192
   

monitoring Trump and relevant contemporary events

 
 
McGentrix
 
  0  
Sun 4 Dec, 2016 06:24 pm
@blatham,
George hit on it a little bit, but the population of California is greater than Canada. A system that works fine for 35 million people may not fit a population of 319 million. Look at the Healthcare situations in the most populous countries around the world. China and India's healthcare are terrible. Indonesia is just now in the formation of getting some kind of universal healthcare thing going. I think a lot of eyes in the US will be watching implementation in Indonesia to see how it goes.
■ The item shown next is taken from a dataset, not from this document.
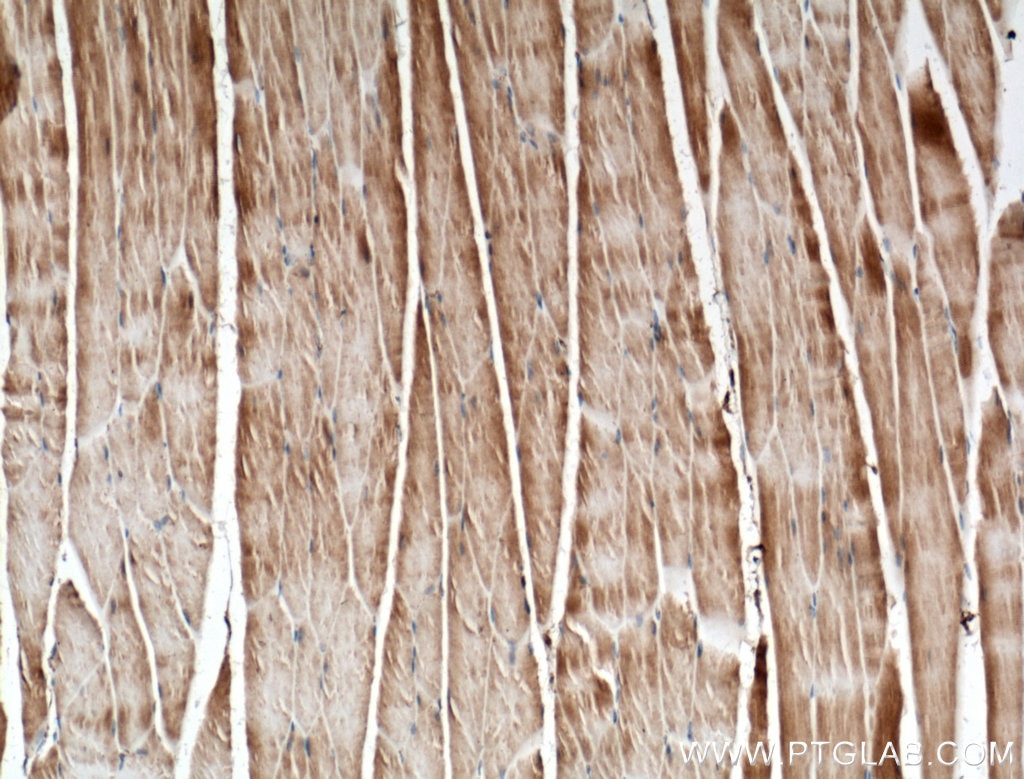 Immunohistochemistry (IHC) staining of mouse skeletal muscle tissue using HKDC1 Polyclonal antibody (25874-1-AP)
Creating a healthcare system is a Herculean task. Obama did it half-assed with a plan that the legislature didn't even read. Is that really the right way to go about reforming the third most populous country in the world's healthcare?

I used to work in Markham outside Toronto one week a month for a couple years. I got to know Canada pretty well. I am hardly some yokel American that isn't sure where Canada actually is. I worked with some fine Canadians and got to know them pretty well. I got to have lunch and dinner with them and listen to them bitch and complain about stuff that is entirely Canadian. The Canadian system is fine for Canadians.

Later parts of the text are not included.